The Annotated Beethoven Corpus (ABC): A Dataset of Harmonic Analyses of All Beethoven String Quartets

  • Digital and Cognitive Musicology Lab (DCML), Digital Humanities Institute (DHI), College of Humanities (CDH), École Polytechnique Fédérale de Lausanne (EPFL), Lausanne, Switzerland

Article metrics

View details

48

Citations

15k

Views

2,6k

Downloads

Introduction

This report describes a publicly available dataset of harmonic analyses of all Beethoven string quartets together with a new annotation scheme. The quantitative study of large datasets is gaining increasing importance in musicology, reflecting a global trend toward empirical corpus studies and big data methods in the sciences as well as the (digital) humanities.

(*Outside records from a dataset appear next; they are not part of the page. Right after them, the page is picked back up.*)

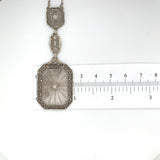 14k White Gold Genuine Natural Rock Crystal Quartz Deco Filigree Necklace #J6173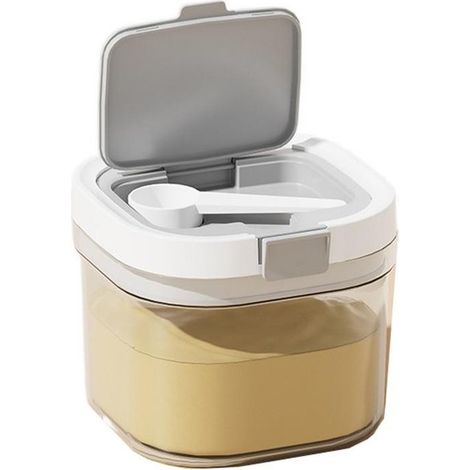 Distributeur de lait en poudre pour bébé 800 ml, portable et hermétique, anti-humidité, sans BPA, avec cuillère et compartiments superposés, transparent (1/5)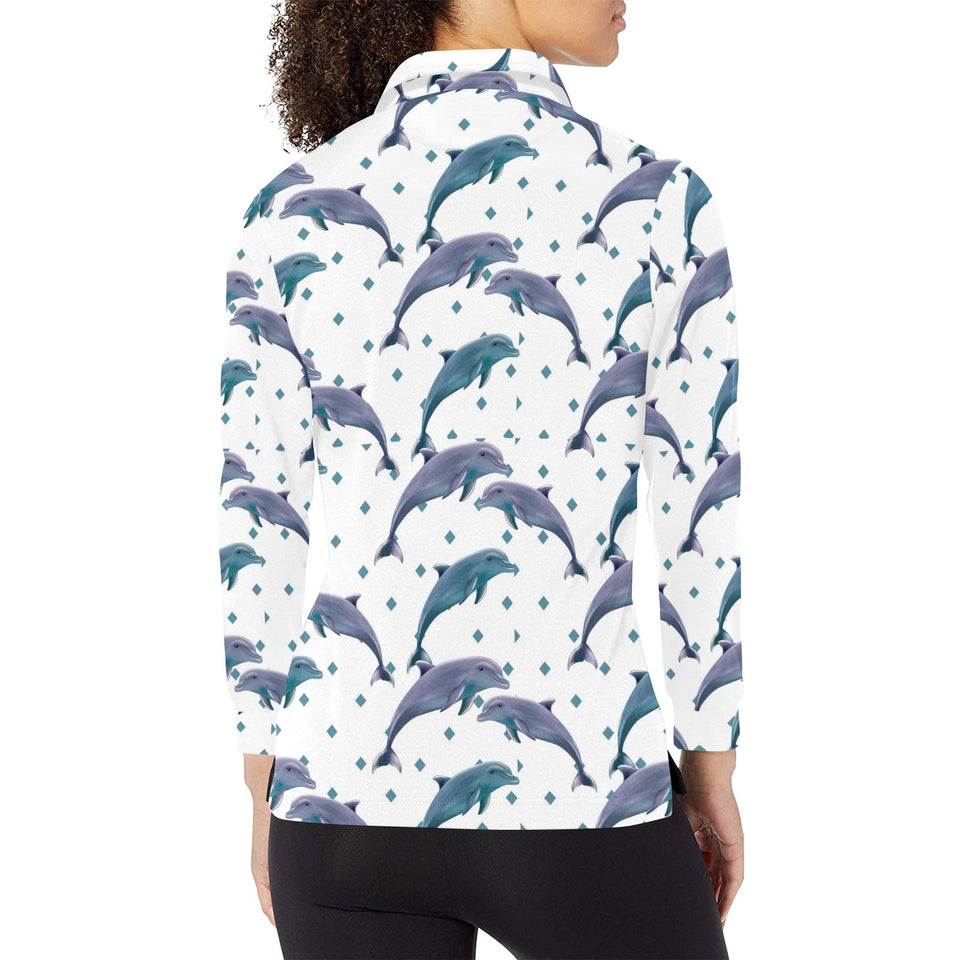 Dolphins pattern dotted background Women's Long Sleeve Polo Shirt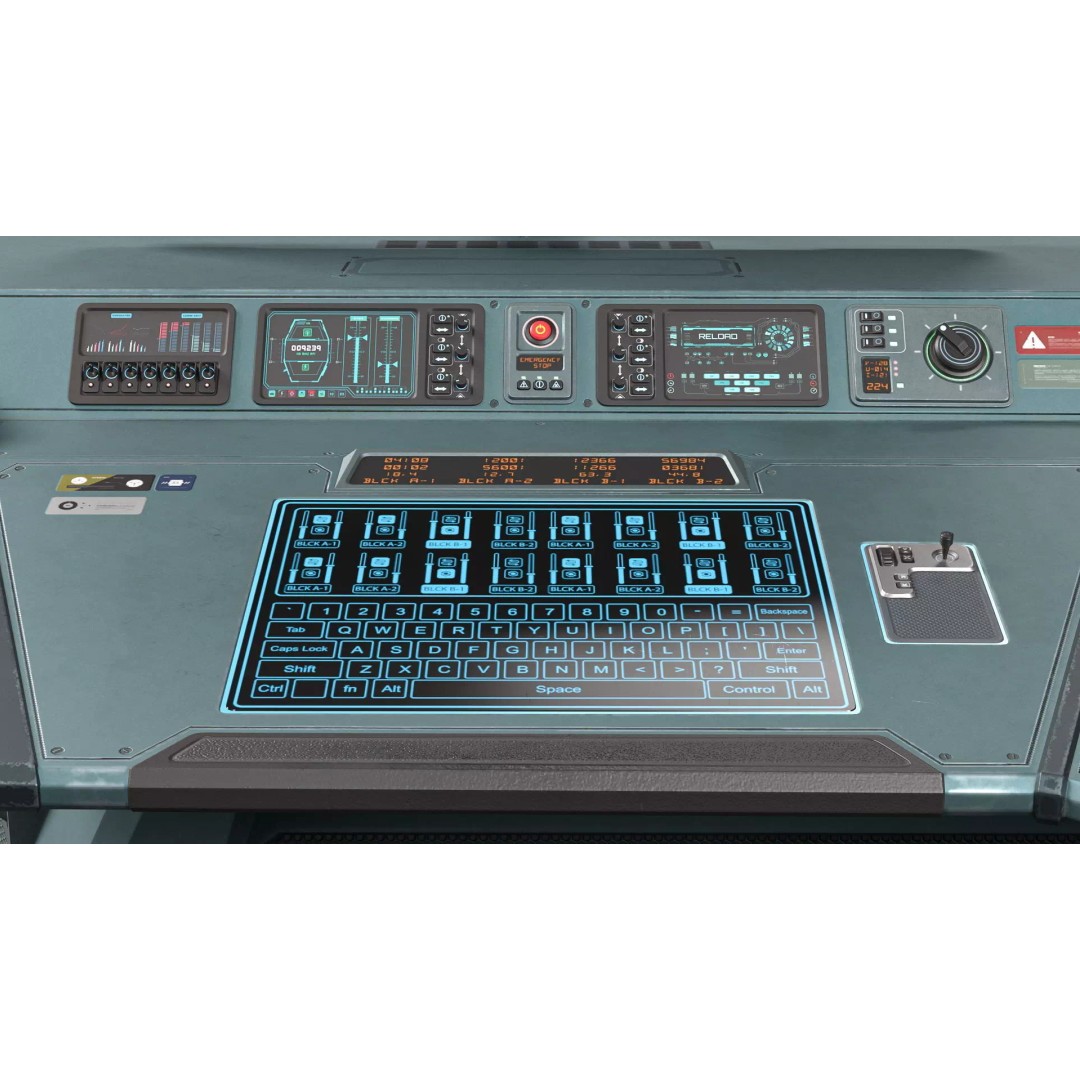 Sci-Fi Control Console 3D Model – Low Poly Command Desk, Game Ready - View 8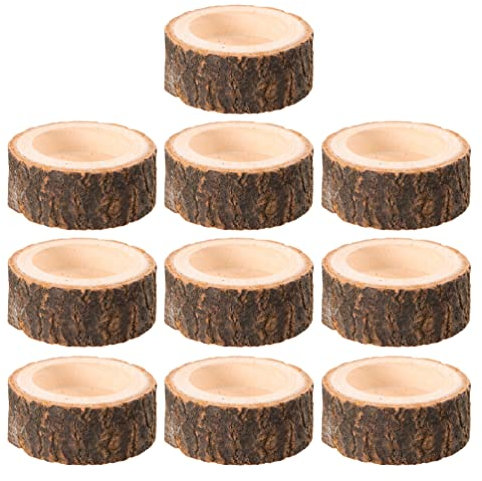 jojofuny 10pcs Rustic Wooden Stake Candle Holder Wood Votive Tealight Holder for Home Decor Table Centerpieces Wedding Party
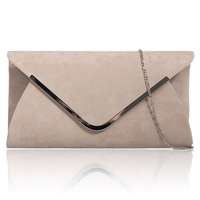 Picture of Xardi Nude Envelope Suedette Bar Clutch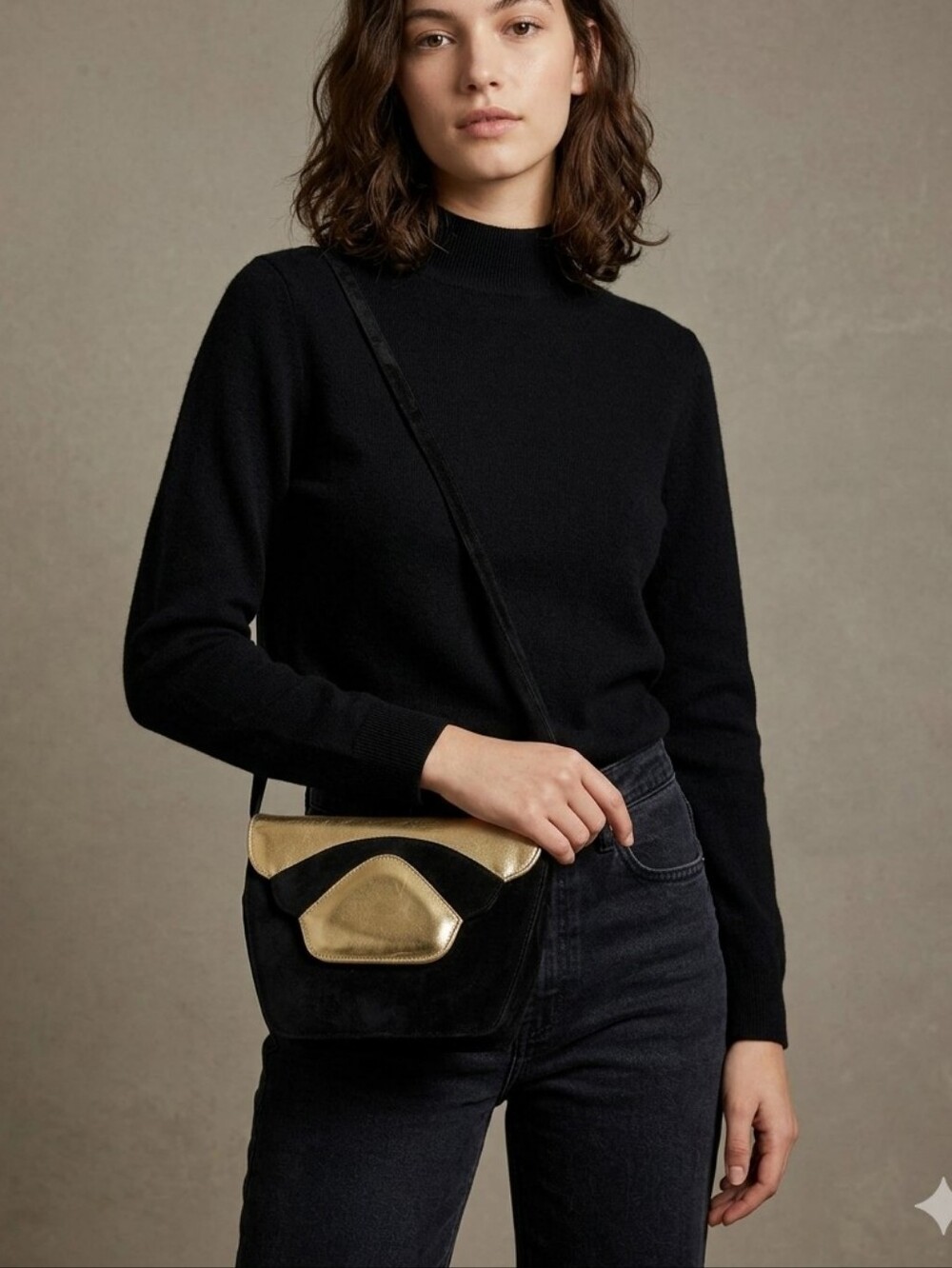 Vintage 80's Black Suede Shoulder Crossbody Clutch Bag Gold Details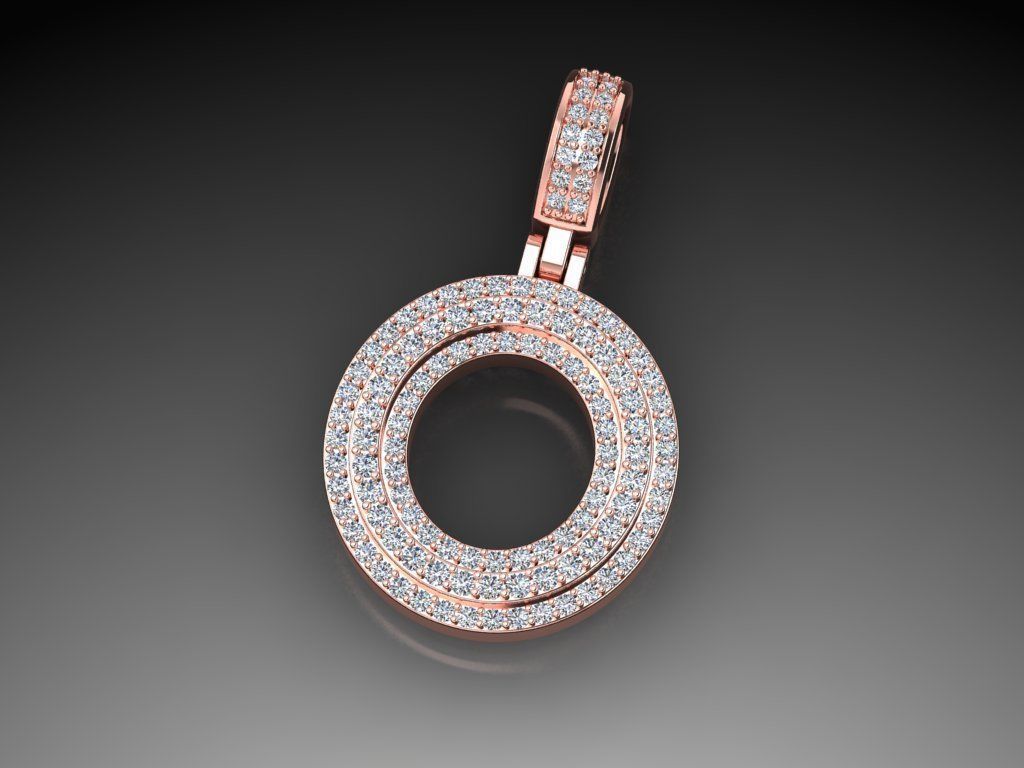Diamond Alphabet Pendant Letter O 3D print model_6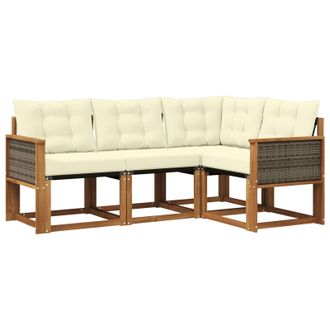 vidaXL Conjunto De Sof&aacute;s De Exterior Con Coj&iacute;n 4 Pcs Natural Y Crema Vidaxl
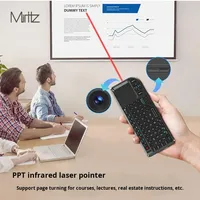 NeFactory Keyboard Mini Nirkabel Tipis Plastik dengan Lampu Latar, Pengganti Halaman PPT, Koneksi 2.4G/BT/Type-C, Mendukung Desktop/PC, Dapat Dikustomisasi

Several initiatives and publications exemplify these new developments (e.g., Mauch et al., 2007; Rohrmeier and Cross, 2008; Temperley, 2009; De Clercq and Temperley, 2011; Schubert and Cumming, 2015; Klauk and Zalkow, 2016; White and Quinn, 2016). Ever increasing digital music resources are available online in the form of large collections of audio recordings,1 scanned scores,2 or MIDI files.3 Furthermore, musicologists have produced collections of symbolic and audio music repositories, e.g., the Essen Folksong collection (Schaffrath, 1995), the score collection in Humdrum/KERN format4 (Huron, 1997; Sapp, 2014), and the corpora of audio resources of Non-Western classical music traditions gathered by the CompMusic project5 (Serra, 2014). However, raw audio or symbolic musical information is often insufficient to investigate more abstract structural properties of musical styles, such as harmony, counterpoint, or form. Sufficiently sophisticated and statistically fully reliable automated Music Information Retrieval (MIR) methods for structural inference are not yet available.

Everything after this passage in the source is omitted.